Jawabannya sederhana, karena kebenaran itu terang. Ia menyinari sudut-sudut gelap yang selama ini sengaja disembunyikan. Ketika seseorang membawa kebenaran ke ruang publik, maka secara otomatis ia sedang menantang kenyamanan semu yang dibangun dari kebohongan.
Pembohong Butuh Kedamaian Semu
Dalam kacamata semiotika, kebohongan tidak hanya terucap dalam kata-kata, tetapi juga dibangun lewat simbol, narasi, bahkan gestur kekuasaan. Mereka yang berkuasa atas narasi akan menciptakan “kebenaran semu” demi kenyamanan mereka sendiri.
Tapi kebohongan selalu rapuh. Ia perlu dijaga dengan sensor, tekanan, atau propaganda. Begitu muncul seseorang yang membawa kebenaran, sistem itu mulai retak.
Sebagaimana Imam Ahmad bin Hanbal yang disiksa dan dipenjara karena menolak mengatakan bahwa Al-Qur’an adalah makhluk, demi mempertahankan aqidah, padahal para ulama besar lainnya telah tunduk pada tekanan. Tapi sejarah justru memuliakan mereka yang memilih jalan penuh luka demi kebenaran.
Kita di Pihak Mana?
Dalam dunia kerja, politik, media sosial, dan masyarakat, selalu ada pilihan ikut arus kebohongan atau berdiri bersama kebenaran. Namun perlu kita pahami, memperjuangkan kebenaran tidak menjamin keselamatan duniawi. Tapi ia menjaga kemuliaan nurani.
Diam Bukan Lagi Pilihan
Dalam realitas sosial kita hari ini, terlalu banyak orang cerdas yang memilih diam demi “kenyamanan”. Tapi diam dalam situasi kebohongan bukanlah netralitas, melainkan bentuk pembiaran yang melanggengkan ketidakadilan. Menyuarakan kebenaran memang penuh risiko, namun justru di sanalah harga diri seorang manusia diuji.

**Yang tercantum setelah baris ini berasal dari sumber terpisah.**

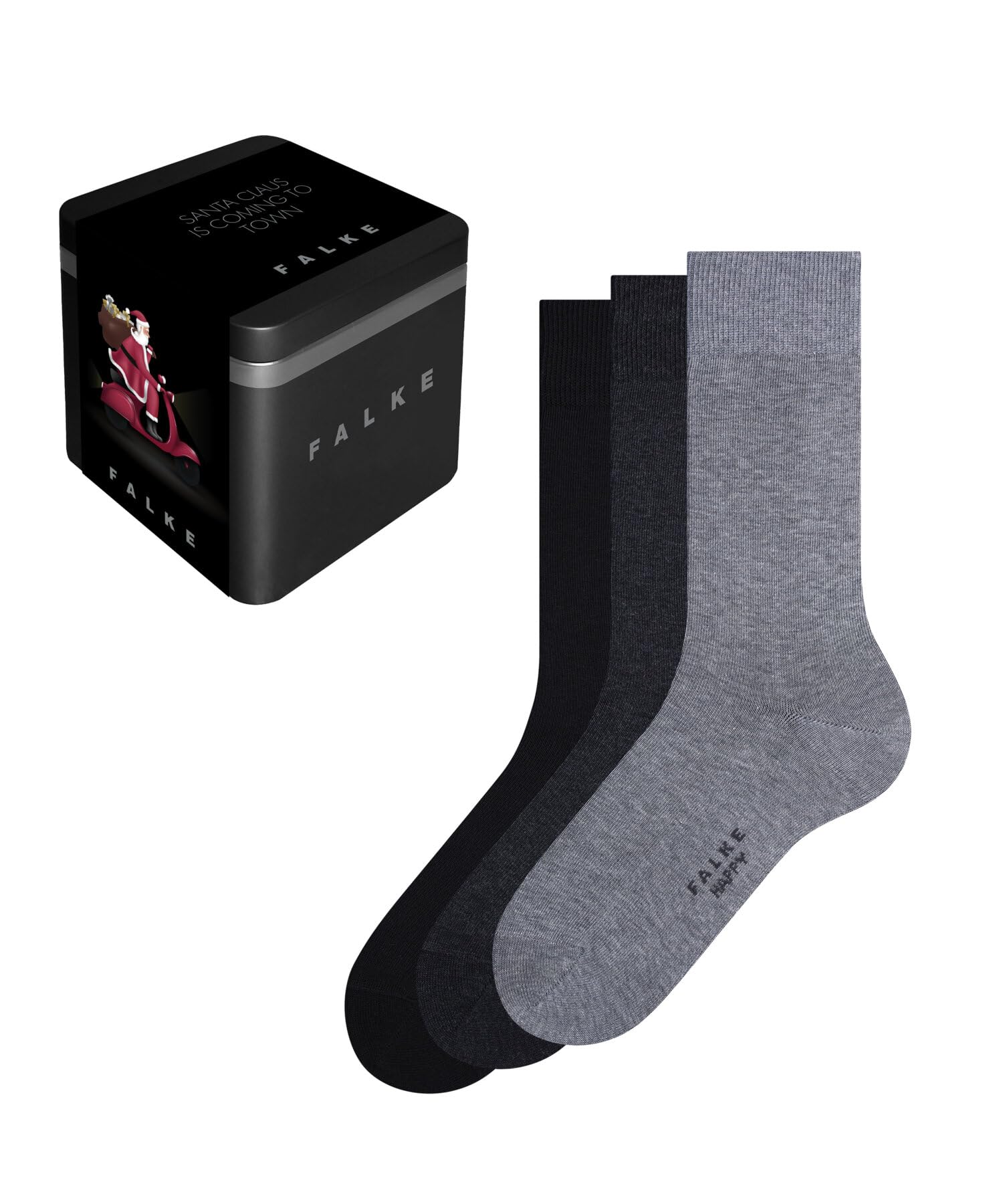 falke-happy-herren-socken-3-paar-burgundy-blue-mix-box image 8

Jika kita mengamini kutipan Orwell, maka kita sadar bahwa memperjuangkan kebenaran bukan sekadar sikap, tapi adalah pemberontakan terhadap penindasan mental dan moral.
Refleksi untuk Kita Semua
Apakah hari ini kita sedang berada di pihak kebenaran, atau kita justru menjadi penikmat kenyamanan di bawah bayang-bayang kebohongan?
Kita semua sedang diuji, apakah menjadi bagian dari kenyamanan palsu, atau menjadi suara yang menggugah kesadaran.
George Orwell telah memberi isyarat bahwa perjuangan atas kebenaran tidak pernah mudah, tapi selalu bermakna. Mari kita kuatkan diri untuk menjadi cahaya, meskipun kecil yang sanggup menembus kegelapan.